• [Exercise details]: Copy the data that follows exactly. Include no pictures.

• [Provided information]:
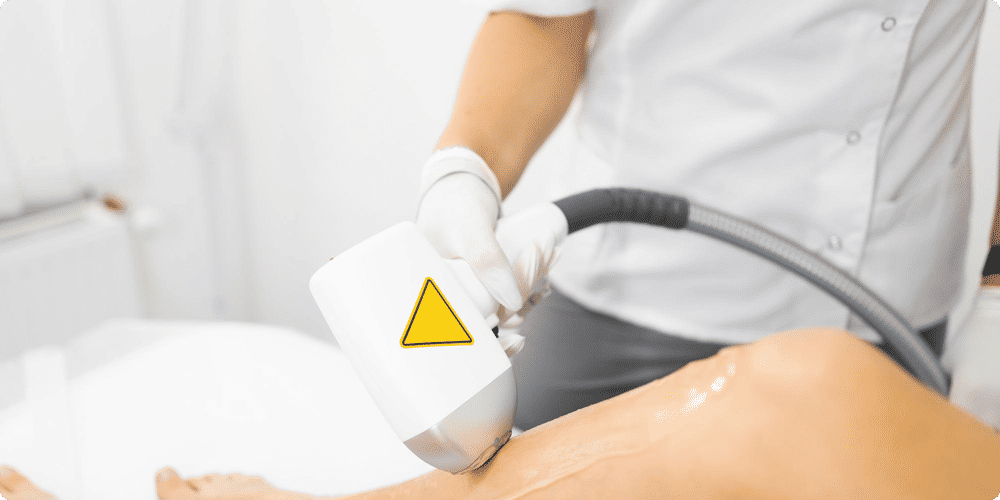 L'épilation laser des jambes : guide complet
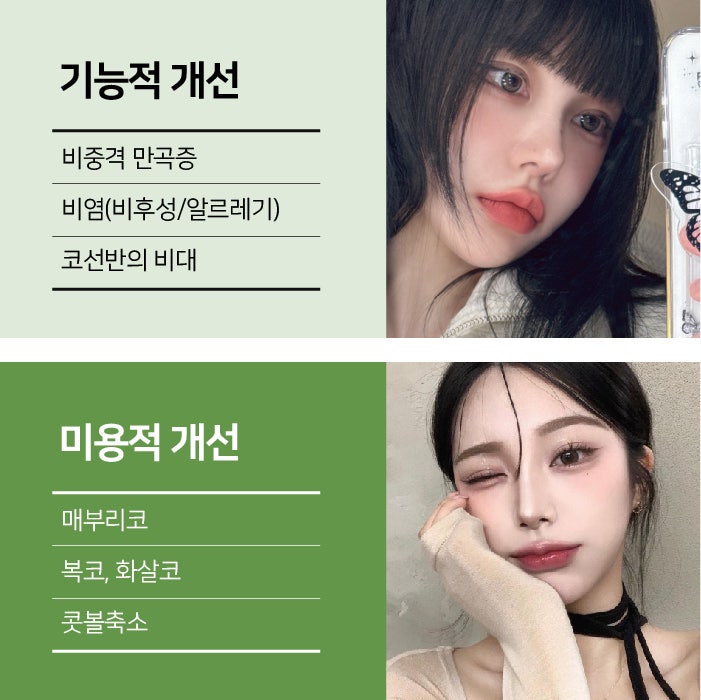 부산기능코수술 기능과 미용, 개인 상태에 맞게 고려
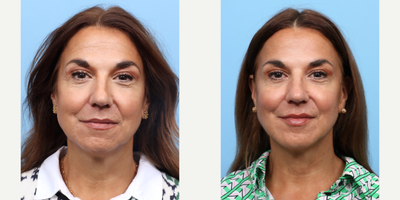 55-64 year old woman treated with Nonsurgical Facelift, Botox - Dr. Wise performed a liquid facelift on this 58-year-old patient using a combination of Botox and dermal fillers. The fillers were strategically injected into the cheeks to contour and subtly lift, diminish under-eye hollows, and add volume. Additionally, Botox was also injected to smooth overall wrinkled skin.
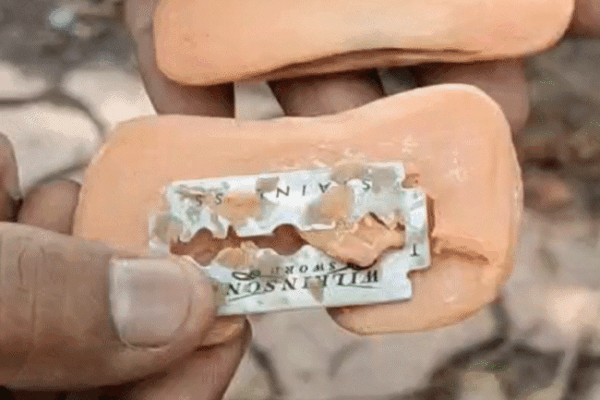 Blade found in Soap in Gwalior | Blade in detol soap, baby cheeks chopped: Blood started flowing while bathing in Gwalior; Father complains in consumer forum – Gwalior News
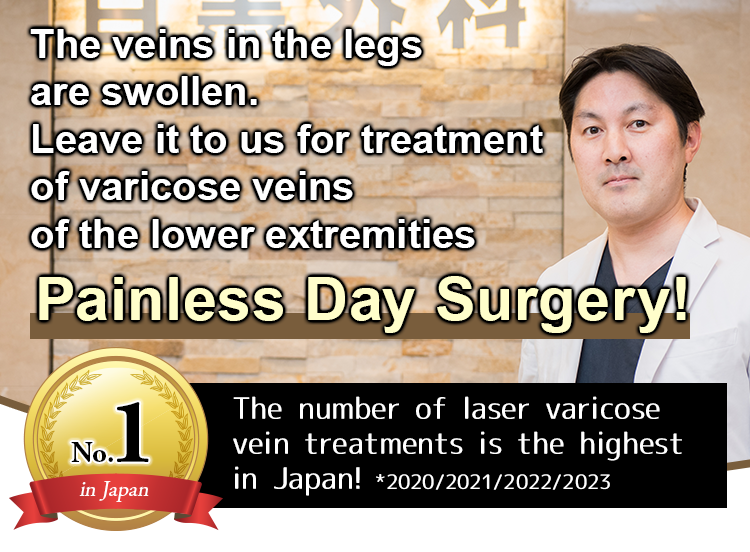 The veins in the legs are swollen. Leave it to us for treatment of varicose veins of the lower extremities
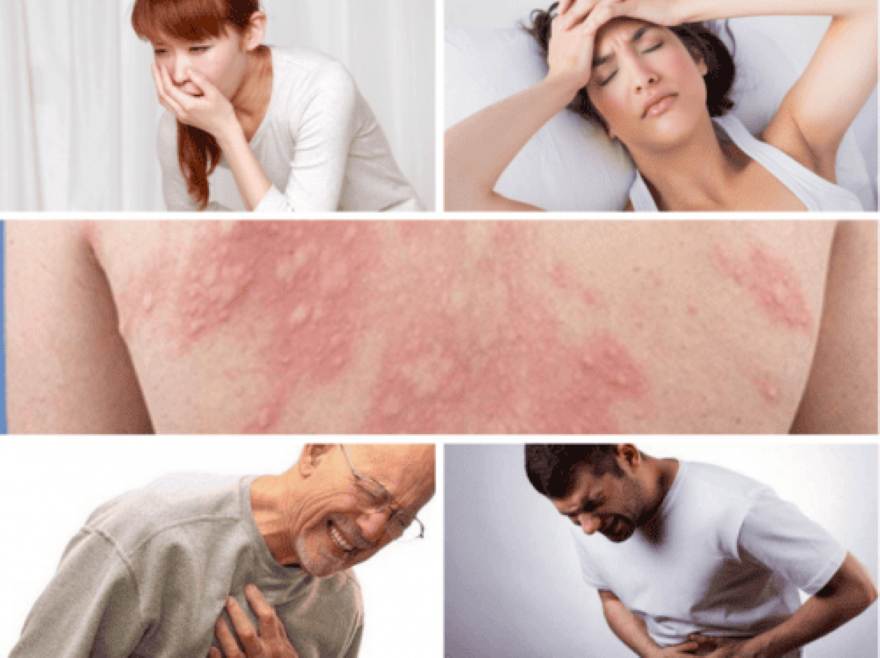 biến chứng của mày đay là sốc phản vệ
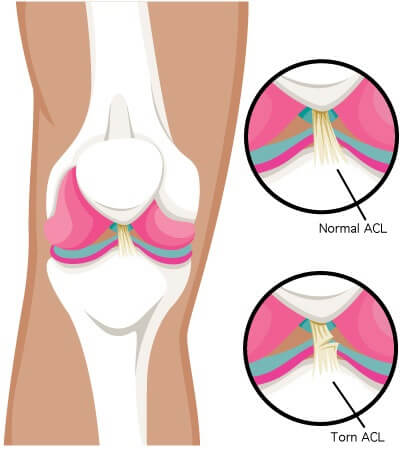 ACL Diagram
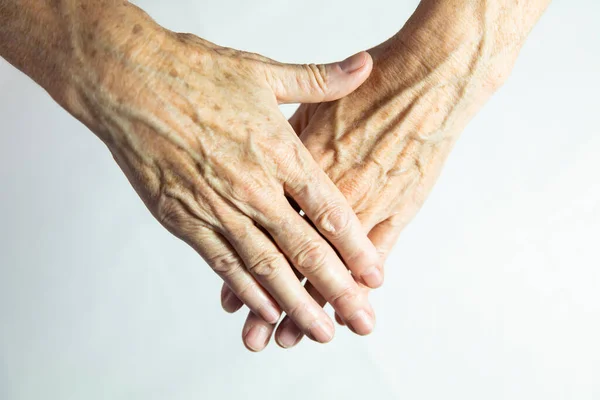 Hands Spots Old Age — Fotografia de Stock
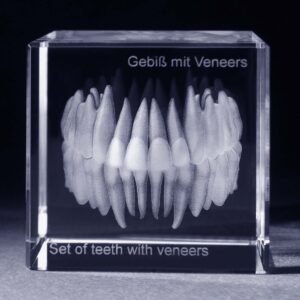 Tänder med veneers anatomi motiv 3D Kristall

• [Task result]:
 L'épilation laser des jambes : guide complet
 부산기능코수술 기능과 미용, 개인 상태에 맞게 고려
 55-64 year old woman treated with Nonsurgical Facelift, Botox - Dr. Wise performed a liquid facelift on this 58-year-old patient using a combination of Botox and dermal fillers. The fillers were strategically injected into the cheeks to contour and subtly lift, diminish under-eye hollows, and add volume. Additionally, Botox was also injected to smooth overall wrinkled skin.
 Blade found in Soap in Gwalior | Blade in detol soap, baby cheeks chopped: Blood started flowing while bathing in Gwalior; Father complains in consumer forum – Gwalior News
 The veins in the legs are swollen. Leave it to us for treatment of varicose veins of the lower extremities
 biến chứng của mày đay là sốc phản vệ
 ACL Diagram
 Hands Spots Old Age — Fotografia de Stock
 Tänder med veneers anatomi motiv 3D Kristall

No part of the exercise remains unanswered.